Get the quiz sheet for this module from the general Assessments page. Fill it in, then submit to the online grading system before the deadline.

Exercise

Overview

For this exercise, we will participate in one more Tidy Tuesday exercise. This time, we’ll apply a full analysis workflow to the data.

This is another solo exercise, so no group work this week, but of course more GitHub. This exercise will go into your portfolio.

Setup

Use your portfolio website. Make sure it’s up to date and fully synced. Open it in R Studio. From last week’s exercise, you should have an empty Rmd file called tidytuesday_exercise2.Rmd. Open it, that’s where you’ll write your Tidy Tuesday analysis.

Go to the TidyTuesday Github repository. Look for the dataset for this week, and read the instructions on how to get the data. You will also be provided with a data dictionary. If the data is available for download, place it somewhere in your portfolio repository (e.g., you can make a new folder called data).

What to do

Write code and text to perform the following steps:

  1. Load, wrangle and explore the data. By now you know this is an iterative procedure, so it’s ok to have these parts of the process/code intertwined.

  2. Once you understand the data sufficiently, formulate a question/hypothesis. This will determine your outcome of interest and, if applicable, main predictor(s) of interest. Since we don’t know the data yet, it might be that the question is a bit contrived and not actually too interesting, but I’m sure there will be more than one potentially reasonable question one can ask, no matter what the data will be.

  3. Once you determine the question and thus your outcome and main predictors, further pre-process and clean the data as needed. Then split into train/test.

  4. Fit at least 4 different ML models to the data using the tidymodels framework we practiced. Use the CV approach for model training/fitting. Explore the quality of each model by looking at performance, residuals, uncertainty, etc. All of this should still be evaluated using the training/CV data. You can of course recycle code from the previous exercise, but I also encourage you to explore further, e.g. try different ML models or use different metrics. You might have to do that anyway, depending on your question/outcome.

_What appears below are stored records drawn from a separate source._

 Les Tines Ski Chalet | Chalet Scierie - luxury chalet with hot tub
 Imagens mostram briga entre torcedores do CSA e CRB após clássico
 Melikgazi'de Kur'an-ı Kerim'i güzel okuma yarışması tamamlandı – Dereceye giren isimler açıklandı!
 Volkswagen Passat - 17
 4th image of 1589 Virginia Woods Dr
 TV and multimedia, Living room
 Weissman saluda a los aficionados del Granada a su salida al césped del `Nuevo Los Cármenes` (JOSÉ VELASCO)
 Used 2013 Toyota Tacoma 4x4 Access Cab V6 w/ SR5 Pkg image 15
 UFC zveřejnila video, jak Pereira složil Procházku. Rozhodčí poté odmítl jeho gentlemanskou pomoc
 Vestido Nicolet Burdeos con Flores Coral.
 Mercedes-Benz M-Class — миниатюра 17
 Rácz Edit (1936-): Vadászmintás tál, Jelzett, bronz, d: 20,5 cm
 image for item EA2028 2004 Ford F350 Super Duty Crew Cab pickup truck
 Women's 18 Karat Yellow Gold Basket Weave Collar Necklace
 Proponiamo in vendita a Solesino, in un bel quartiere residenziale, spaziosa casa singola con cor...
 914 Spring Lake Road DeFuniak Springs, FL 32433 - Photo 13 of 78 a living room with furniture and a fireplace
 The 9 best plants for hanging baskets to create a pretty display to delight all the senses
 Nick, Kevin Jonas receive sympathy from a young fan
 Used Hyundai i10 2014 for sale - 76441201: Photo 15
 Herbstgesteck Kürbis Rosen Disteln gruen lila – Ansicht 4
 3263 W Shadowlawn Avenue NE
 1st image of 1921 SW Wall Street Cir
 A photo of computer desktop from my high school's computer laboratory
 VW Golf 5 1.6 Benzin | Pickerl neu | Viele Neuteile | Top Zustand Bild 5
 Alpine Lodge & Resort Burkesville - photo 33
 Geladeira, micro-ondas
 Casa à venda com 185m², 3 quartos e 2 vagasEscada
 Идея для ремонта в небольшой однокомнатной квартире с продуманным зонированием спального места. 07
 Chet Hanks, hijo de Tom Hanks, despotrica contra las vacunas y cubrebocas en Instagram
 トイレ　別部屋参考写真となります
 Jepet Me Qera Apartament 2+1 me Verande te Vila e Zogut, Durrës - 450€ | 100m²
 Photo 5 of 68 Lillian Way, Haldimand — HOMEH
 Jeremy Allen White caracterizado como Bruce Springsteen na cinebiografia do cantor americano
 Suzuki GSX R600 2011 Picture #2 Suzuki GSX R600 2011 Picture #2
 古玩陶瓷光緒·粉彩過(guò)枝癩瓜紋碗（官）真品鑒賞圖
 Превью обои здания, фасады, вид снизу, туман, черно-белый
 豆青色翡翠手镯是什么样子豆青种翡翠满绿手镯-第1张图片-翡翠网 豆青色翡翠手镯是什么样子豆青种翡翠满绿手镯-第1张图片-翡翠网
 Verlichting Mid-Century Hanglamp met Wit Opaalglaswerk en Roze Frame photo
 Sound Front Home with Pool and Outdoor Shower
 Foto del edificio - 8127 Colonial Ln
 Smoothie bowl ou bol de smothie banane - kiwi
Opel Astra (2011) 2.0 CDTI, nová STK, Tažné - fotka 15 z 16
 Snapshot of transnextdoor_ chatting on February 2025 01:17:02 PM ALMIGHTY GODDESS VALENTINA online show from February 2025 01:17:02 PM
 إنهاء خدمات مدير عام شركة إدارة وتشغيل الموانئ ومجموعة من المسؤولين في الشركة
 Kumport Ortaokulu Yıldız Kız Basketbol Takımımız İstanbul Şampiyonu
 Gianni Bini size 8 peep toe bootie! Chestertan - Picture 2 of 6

  5. Based on the model evaluations, decide on one model you think is overall best. Explain why. It doesn’t have to be the model with the best performance. You make the choice, just explain why you picked the one you picked.

  6. As a final, somewhat honest assessment of the quality of the model you chose, evaluate it (performance, residuals, uncertainty, etc.) on the test data. This is the only time you are allowed to touch the test data, and only once. Report model performance on the test data.

  7. Summarize everything you did and found in a discussion. Of course, your Rmd file should contain commentary/documentation on everything you do for each step.

General pointers

Add ample information/documentation in the form of either code comments or text in the Rmd file. Ideally both. You should provide a running commentary on what you do, why you do it, and if you use some R trickery, maybe also how (so if you stare at it in a few weeks, you can remember what in the world you did back then 😄).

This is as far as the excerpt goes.